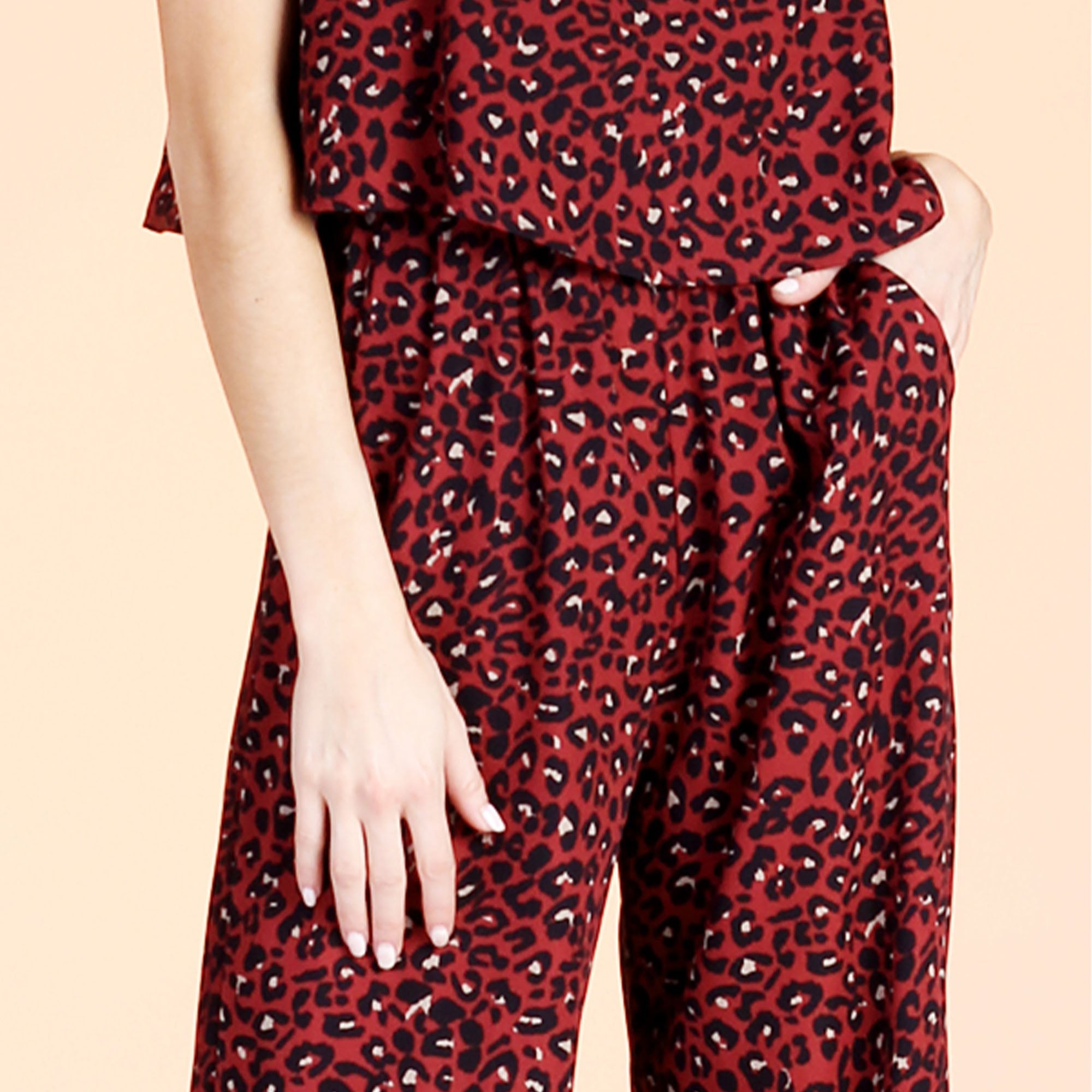 Cheetah Print High Neck Jumpsuit - Aaria Tees Aaria Tees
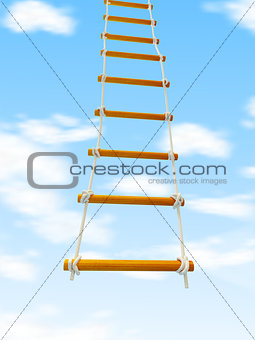 escape ladder Stairway to Heaven on a white background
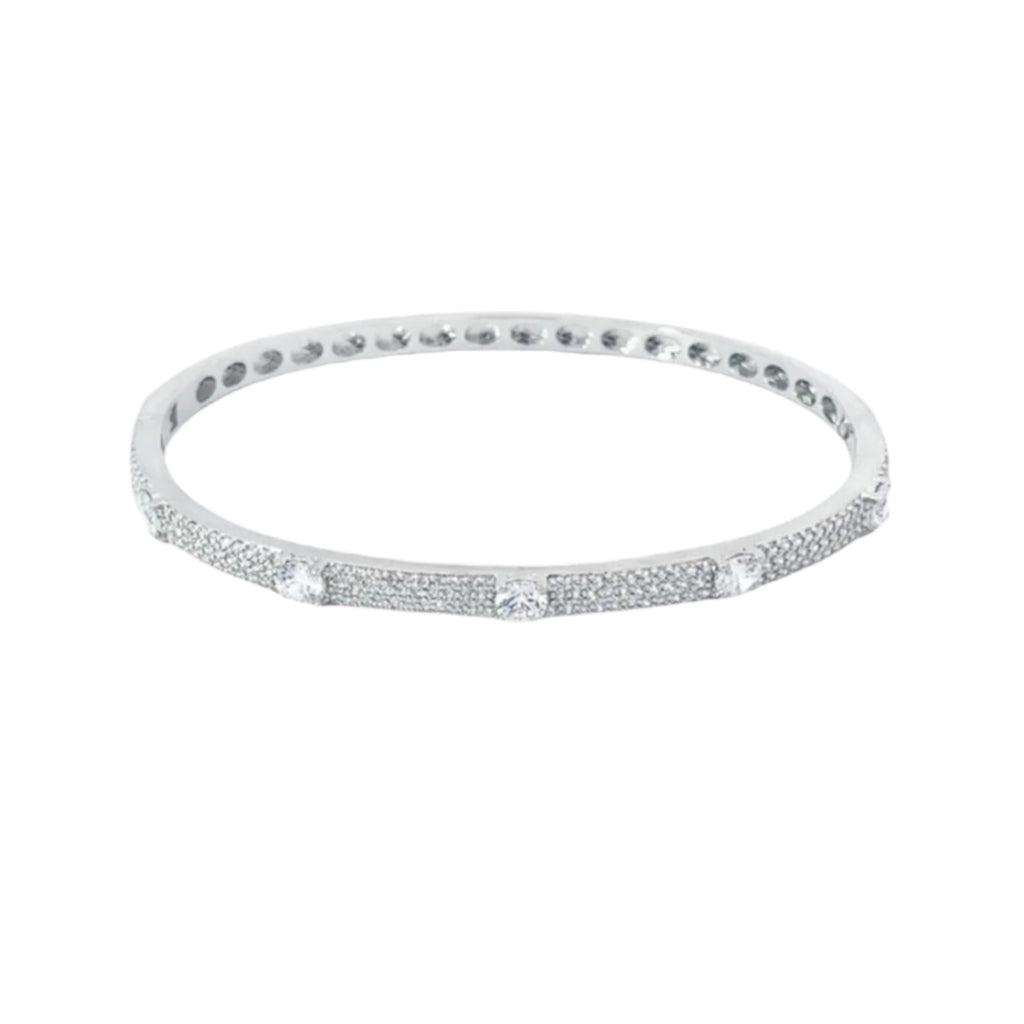 Clear Paved Stone Bangle Bracelet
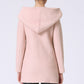 Pink Asymmetrical Wool Coat for Women – Oversized Hood Winter Jacket 1071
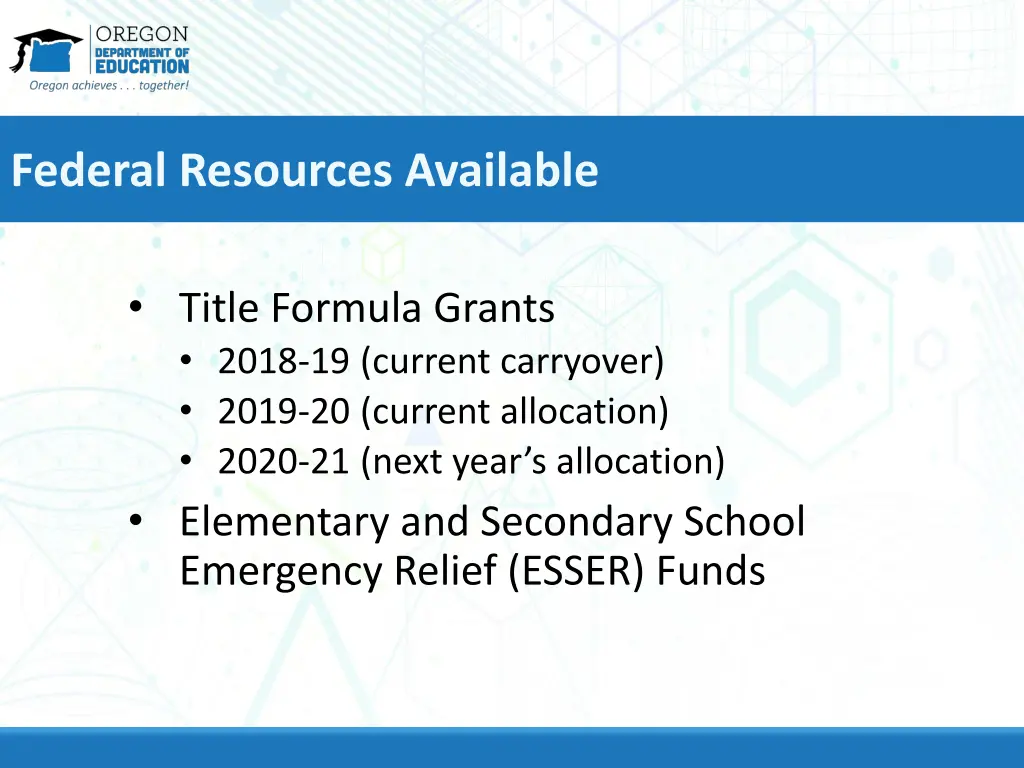 federal resources available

━━━━━━

* **DIRECTIONS FOR THIS TASK**:
The expected output is the complete listing, word for word, without any picture.

* **YOUR RESPONSE**:
 Cheetah Print High Neck Jumpsuit - Aaria Tees Aaria Tees
 escape ladder Stairway to Heaven on a white background
 Clear Paved Stone Bangle Bracelet
 Pink Asymmetrical Wool Coat for Women – Oversized Hood Winter Jacket 1071
 federal resources available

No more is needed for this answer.